PROBLEM TO WORK ON> All entries should be copied exactly; the pictures stay out.

Crawled caption data>
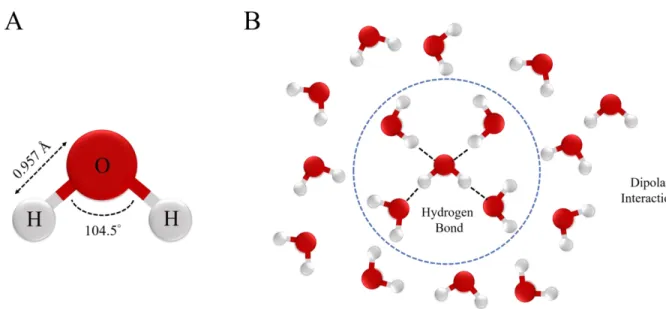 Figure 1.1: (A) Chemical structure of a water molecule (H 2 O). The mean O-H bond  length is 0.957 Å and the mean H-O-H angle is 104.5 ° 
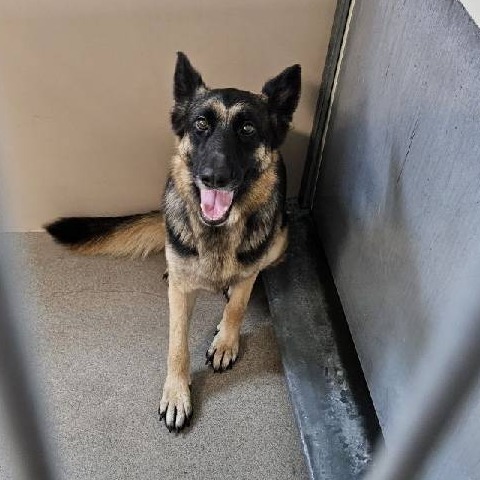 Kennel#7 Lulu's preview photo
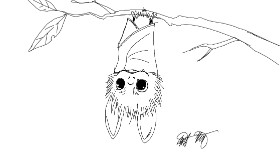 Šišmiš - autor: Ai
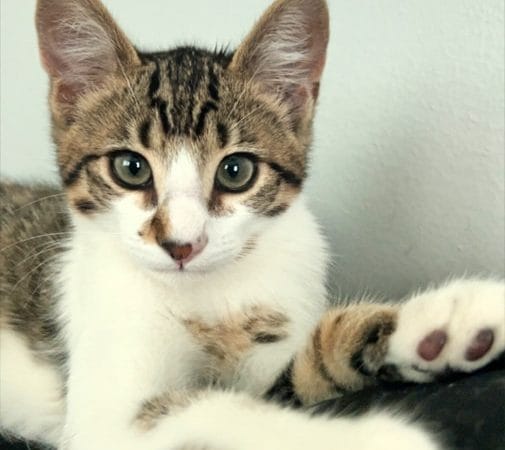 catcuddles cute cat contest winner milo amercian shorthair september 2023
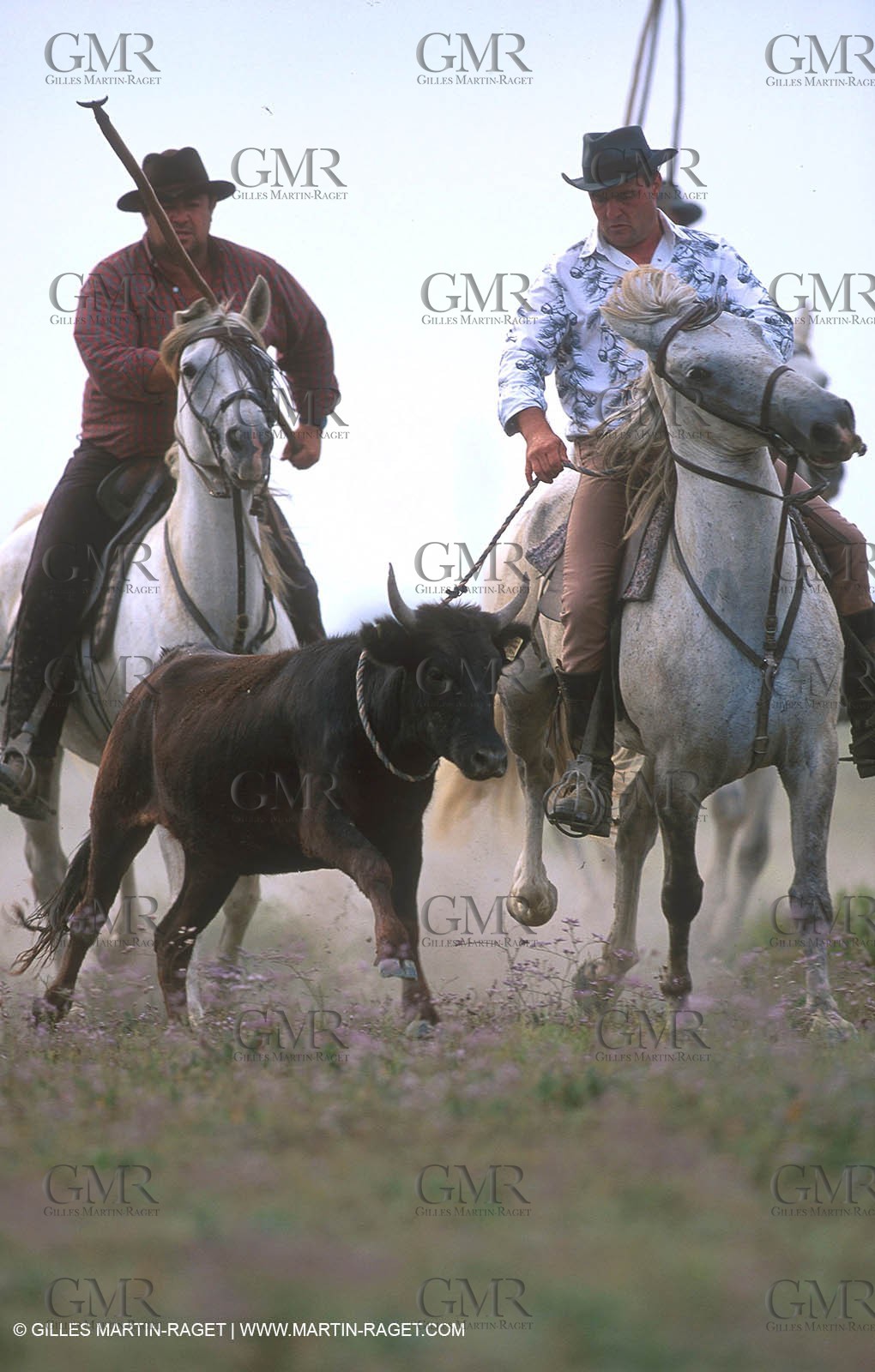 Arles - Camargue gardians (cow boys) at work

RESULT OF THIS EXERCISE>
 Figure 1.1: (A) Chemical structure of a water molecule (H 2 O). The mean O-H bond  length is 0.957 Å and the mean H-O-H angle is 104.5 ° 
 Kennel#7 Lulu's preview photo
 Šišmiš - autor: Ai
 catcuddles cute cat contest winner milo amercian shorthair september 2023
 Arles - Camargue gardians (cow boys) at work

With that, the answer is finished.